> _REQUIRED WORK_
Down to the last line, print the data that follows exactly, without its pictures.

─── DATA EXCERPT ───

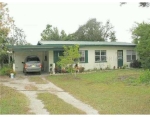 551 County Road 630a Frostproof, FL 33843 - Image 3959155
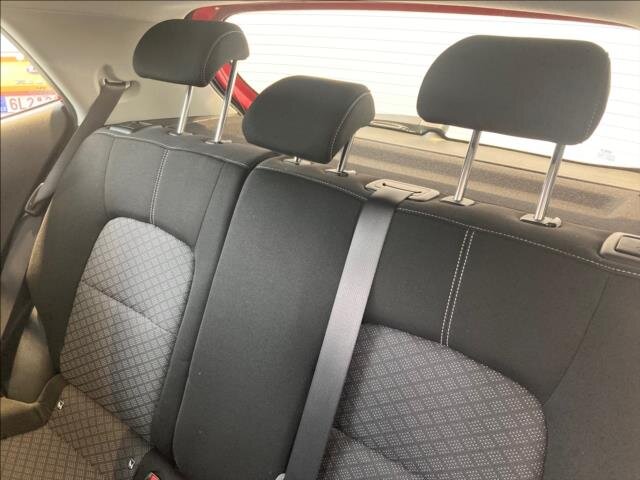 KIA Picanto Hatchback 0,0 50 kw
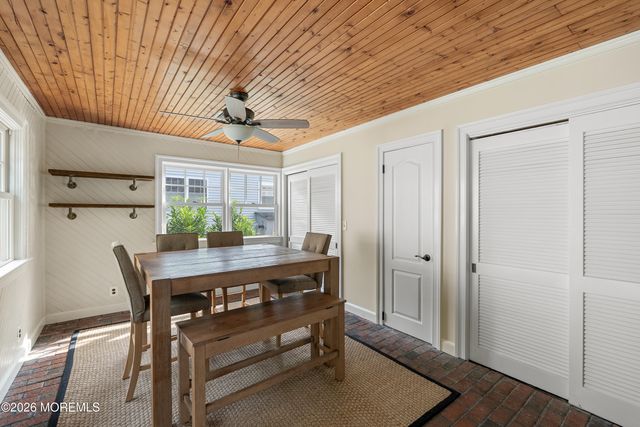 1628 Water Street, West Belmar, NJ 07719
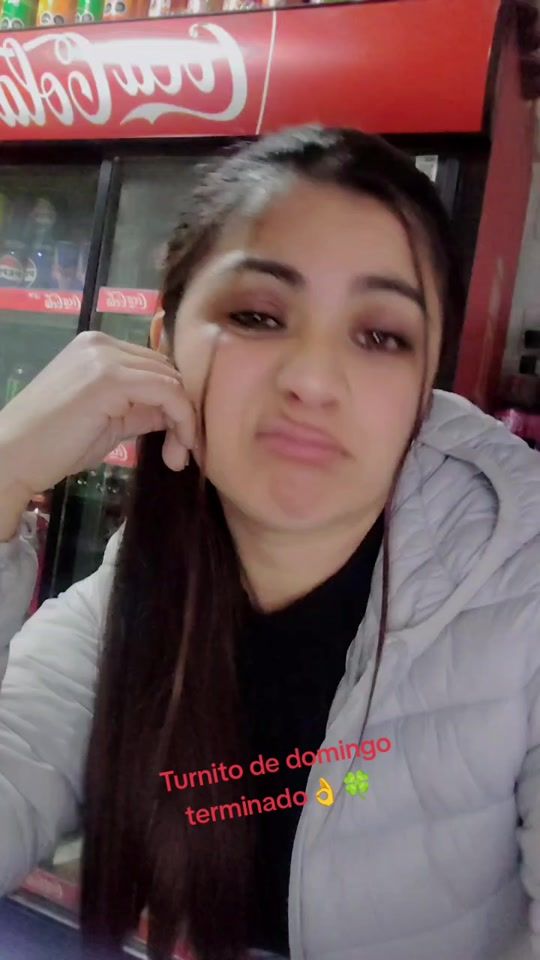 TikTok video thumbnail by nathitha_30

───

> _COMPLETED EXERCISE_
 551 County Road 630a Frostproof, FL 33843 - Image 3959155
 KIA Picanto Hatchback 0,0 50 kw
 1628 Water Street, West Belmar, NJ 07719
 TikTok video thumbnail by nathitha_30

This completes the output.